Short positions in U.S. equities have declined significantly since "meme stocks" like GameStop exploded higher earlier this year, S&P Global Market Intelligence data show.
By the numbers: At the end of January, the percentage of outstanding shares of S&P 500 companies held by short sellers averaged 3.1%, down from 4.1% a year ago.
- Short interest in the most shorted of the S&P 500's 11 sectors in 2020, consumer discretionary, fell to 4.7% at the end of January, down from 5.4% in the middle of the month and from 6.7% at the end of January 2020.
What they're saying: "I think a lot of hedge funds are stepping back until the retail euphoria calms down," Pauline Bell, an equity analyst at CFRA Research, told S&P Global Market Intelligence.
- "Hedge funds are on the lookout.
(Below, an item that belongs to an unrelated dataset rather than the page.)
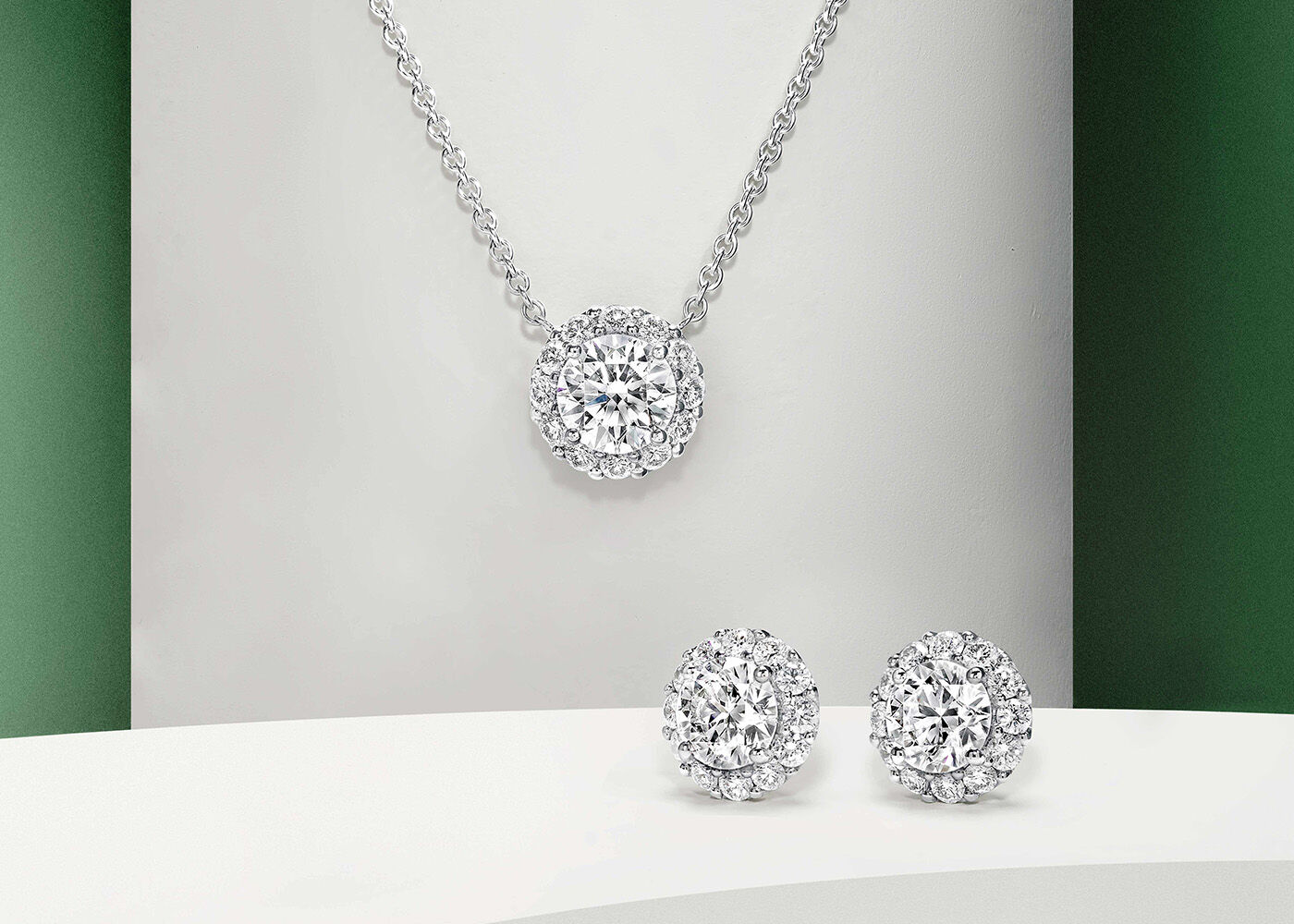 Image shows Icon Round Diamond Necklace and Icon Round Diamond Stud Earrings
They don't want to get burned."
Yes, but: The number of short positions investors are taking is in decline, but the amount of money investors are putting in short interest positions appears to be increasing, according to an analysis by Ihor Dusaniwsky, managing director at S3 Partners.
- Short interest in the Russell 3000 index as a percentage of the float fell from 7.2% as of Dec. 29, 2020, to 5.8% as of Feb. 16, 2021, but the amount of money in short interest positions rose by about 4.1% over the same timeframe, Dusaniwsky's analysis found.
How it works: "If an observer was just looking at the number of chips you are betting they would surmise that you were reducing your bets, but an observer looking at the dollar value of your bets would understand that the size of your bet was increasing," Dusaniwsky said.